▸ Task instructions: Using the records that appear below, write out exactly the lines from the one with "Antieke rode toile" through the one with "Chemise à carreaux", keeping both end lines.

▸ Dataset extract:
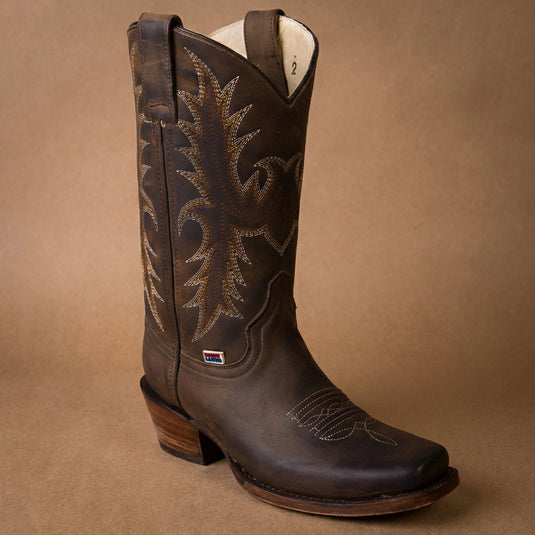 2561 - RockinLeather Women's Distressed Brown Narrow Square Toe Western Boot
---
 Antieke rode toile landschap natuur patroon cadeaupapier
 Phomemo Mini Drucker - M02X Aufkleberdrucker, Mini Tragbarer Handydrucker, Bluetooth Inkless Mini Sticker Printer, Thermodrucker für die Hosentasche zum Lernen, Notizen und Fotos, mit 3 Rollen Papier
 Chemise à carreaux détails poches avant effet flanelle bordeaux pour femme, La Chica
* * *
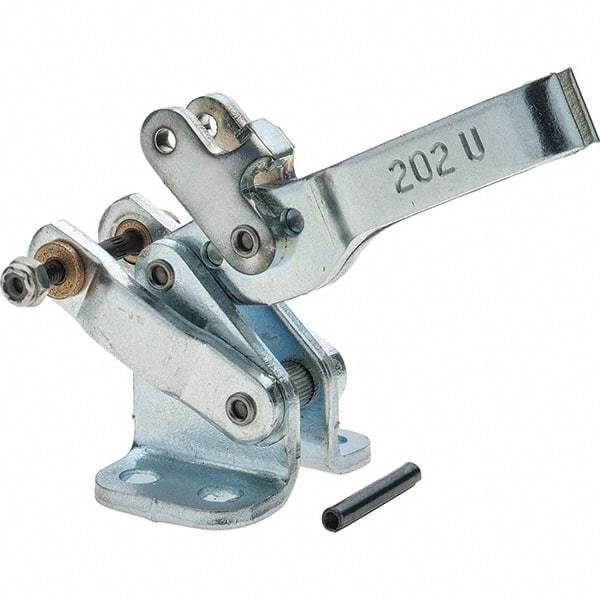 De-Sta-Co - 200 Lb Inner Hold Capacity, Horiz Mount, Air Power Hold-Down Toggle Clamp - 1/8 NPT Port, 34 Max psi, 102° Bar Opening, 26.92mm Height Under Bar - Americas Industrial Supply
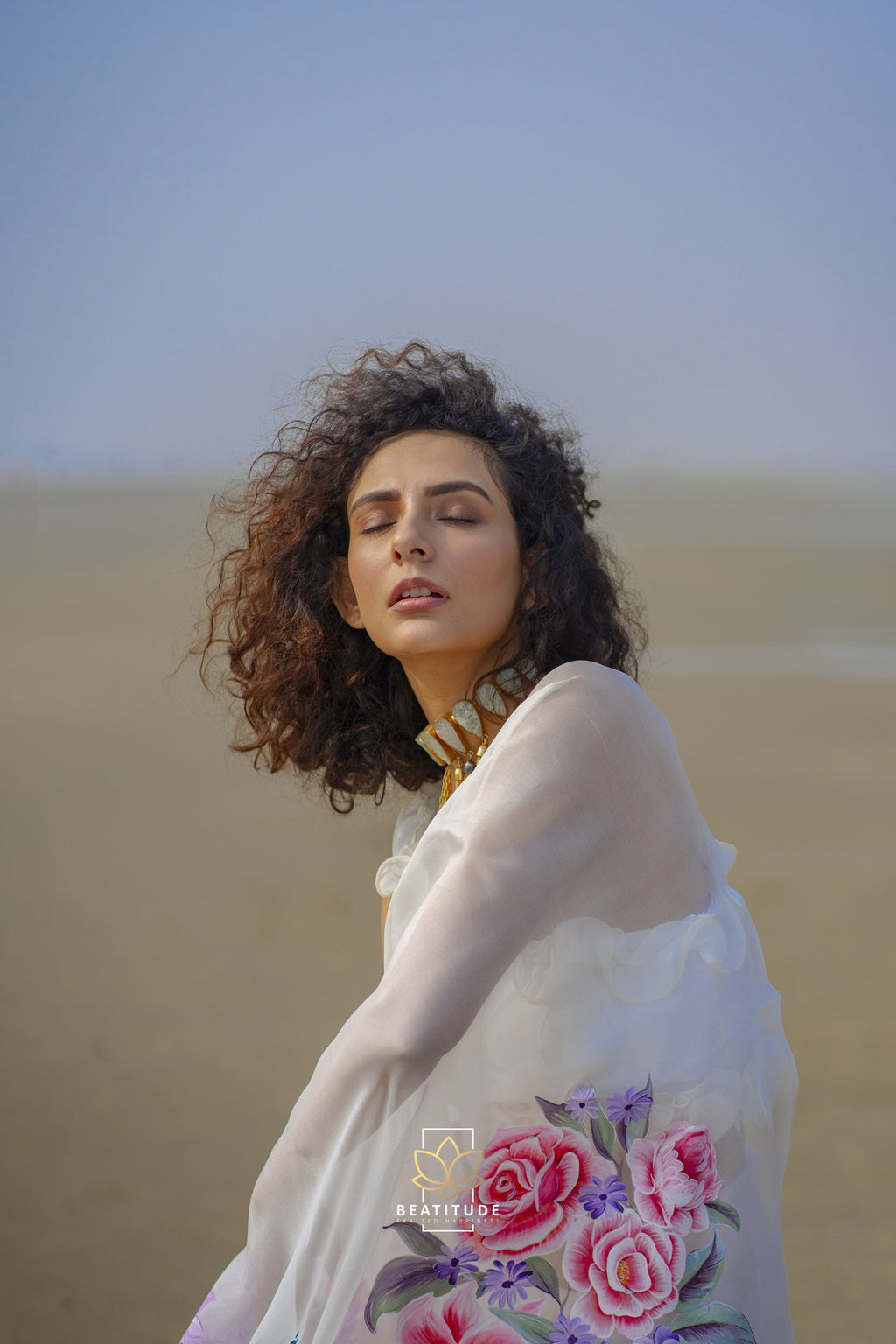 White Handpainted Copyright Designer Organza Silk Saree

▸ Exercise answer:
 Antieke rode toile landschap natuur patroon cadeaupapier
 Phomemo Mini Drucker - M02X Aufkleberdrucker, Mini Tragbarer Handydrucker, Bluetooth Inkless Mini Sticker Printer, Thermodrucker für die Hosentasche zum Lernen, Notizen und Fotos, mit 3 Rollen Papier
 Chemise à carreaux détails poches avant effet flanelle bordeaux pour femme, La Chica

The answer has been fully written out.